◆ Exercise ◆
Transcribe every line of the material below exactly, leaving out the pictures.

◆ Data block ◆
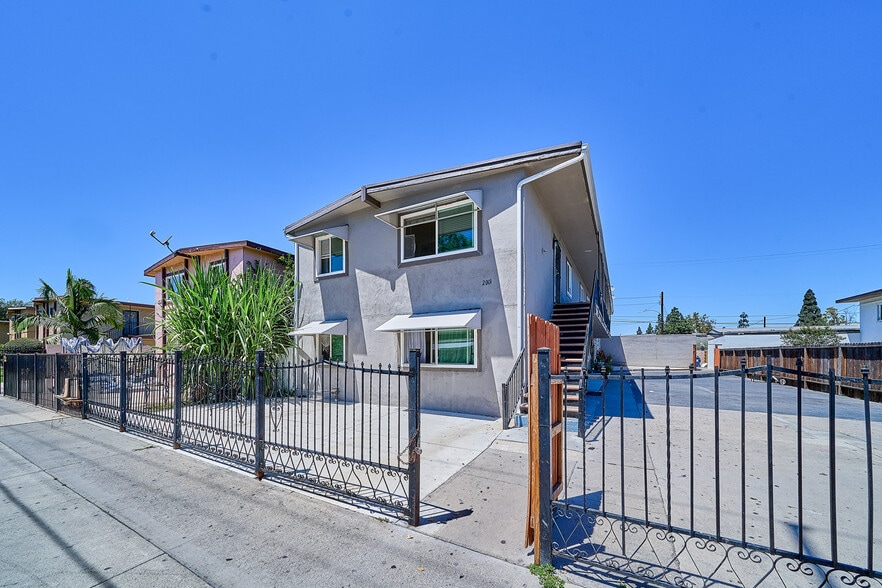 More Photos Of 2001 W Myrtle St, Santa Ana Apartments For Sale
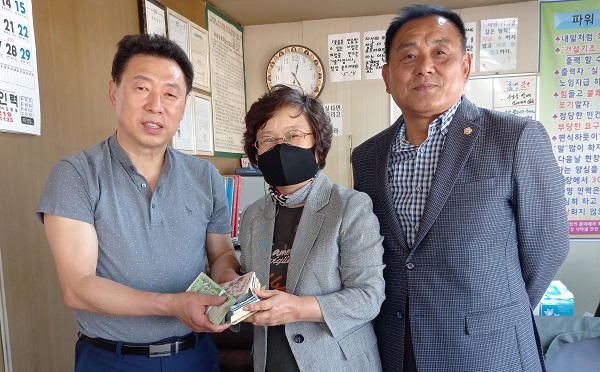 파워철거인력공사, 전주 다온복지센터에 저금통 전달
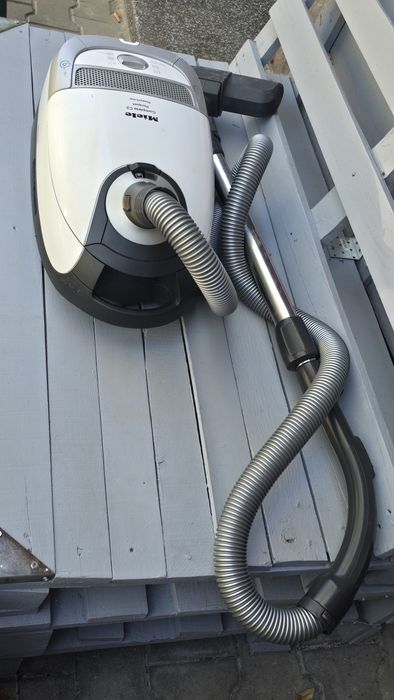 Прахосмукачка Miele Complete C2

◆ Solution to this problem ◆
 More Photos Of 2001 W Myrtle St, Santa Ana Apartments For Sale
 파워철거인력공사, 전주 다온복지센터에 저금통 전달
 Прахосмукачка Miele Complete C2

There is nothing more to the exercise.